Воздух в каюте никак не мог согреться. Термометры показывали, что температура уже достигла комнатной, но каждая молекула воздуха будто несла на себе отпечаток морозных месяцев. Ярко выраженная спартанская обстановка нисколько не вязалась с представлениями Вольевой об уюте; в сравнении с этим помещением собственное жилье казалось ей образцом комфорта и роскоши. И дело не в том, что Нагорный не желал придать каюте какие-то индивидуальные черты. Совсем наоборот, он пытался это сделать, но по меркам нормальных людей потерпел сокрушительное фиаско – результаты его усилий противоречили друг другу, а потому каюта выглядела еще мрачнее, чем если бы он оставил ее совсем пустой и голой.
А самым ужасным был гроб.
Этот длинный ящик – единственная вещь, которая не была закреплена в тот момент, когда Вольева убивала Нагорного. Гроб не пострадал, но Илиа поняла, что раньше он стоял вертикально, доминируя в обстановке каюты и придавая ей какое-то жуткое величие. Ящик был огромен и, видимо, сделан из чугуна. Черный металл поглощал свет, подобно завесам затворников. Всю его поверхность покрывали барельефы, столь сложные, что одним взглядом проникнуть в их тайны было невозможно.

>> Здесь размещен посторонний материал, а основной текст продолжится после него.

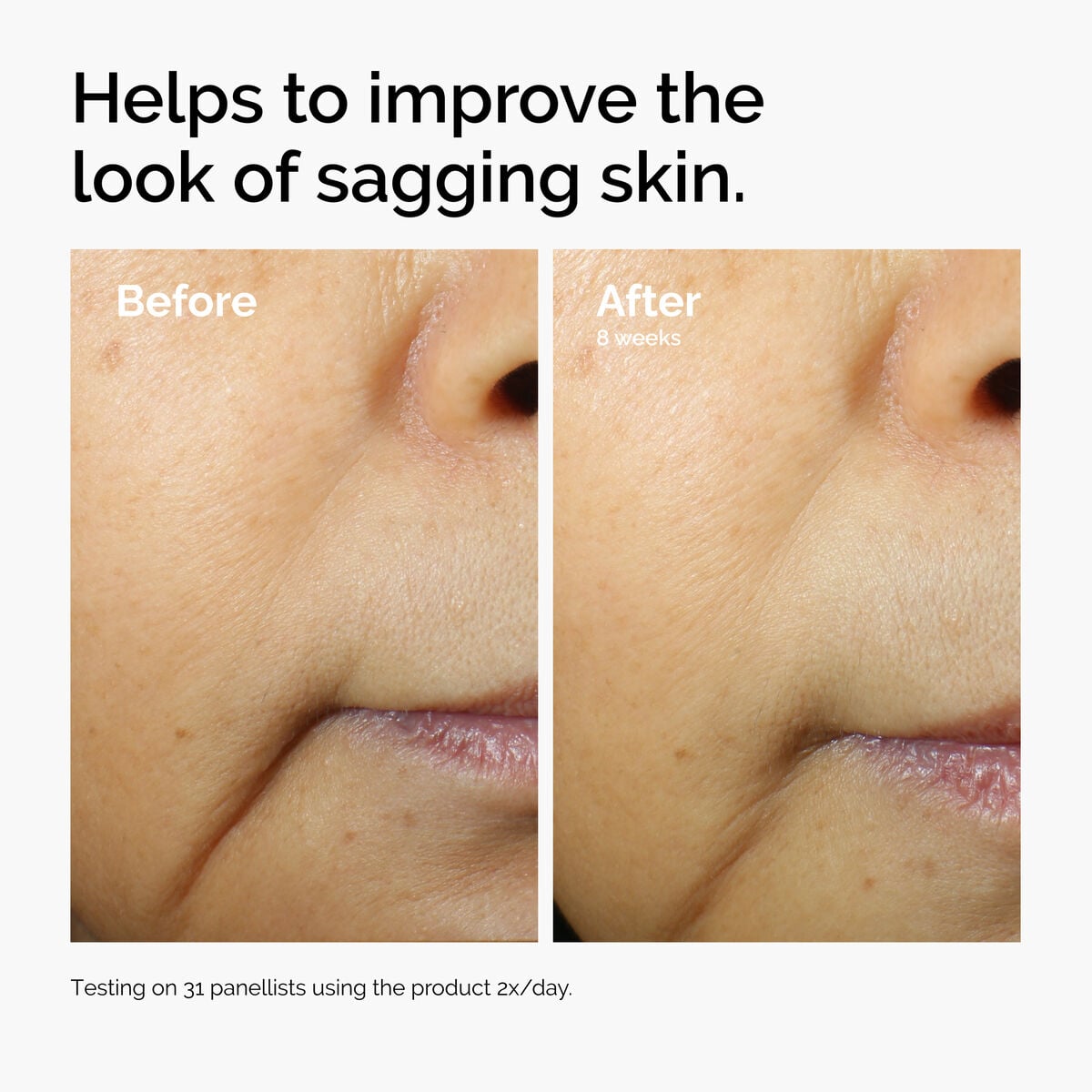 caffeine-3-escin-1-face-serum-j6 ord-caffeine-3pct-escin-1pct-face-serum-before-after-sagging.jpg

Вольева рассматривала его в некотором отупении. «Меня хотят убедить, – думала она, – что Нагорный был способен на такое?»
– Юдзи-сан, – сказала она, – мне это совсем не по душе.
– Что ж, с тобой трудно не согласиться.
– Каким же надо быть безумцем, чтобы сделать для себя гроб!
– Законченным, надо полагать. Но гроб тут стоит, и, пожалуй, это единственное свидетельство, которое позволит нам заглянуть в глубину безумия Нагорного. Что скажешь об этих украшениях?
– Безусловно, это проекция его недуга, отражение его болезни. – Теперь, когда Садзаки успокоил ее, она была готова действовать. – Я могла бы заняться изучением барельефов – вдруг это наведет на какие-то мысли. – Глядя на гроб, она добавила: – Чтобы не повторять одни и те же ошибки.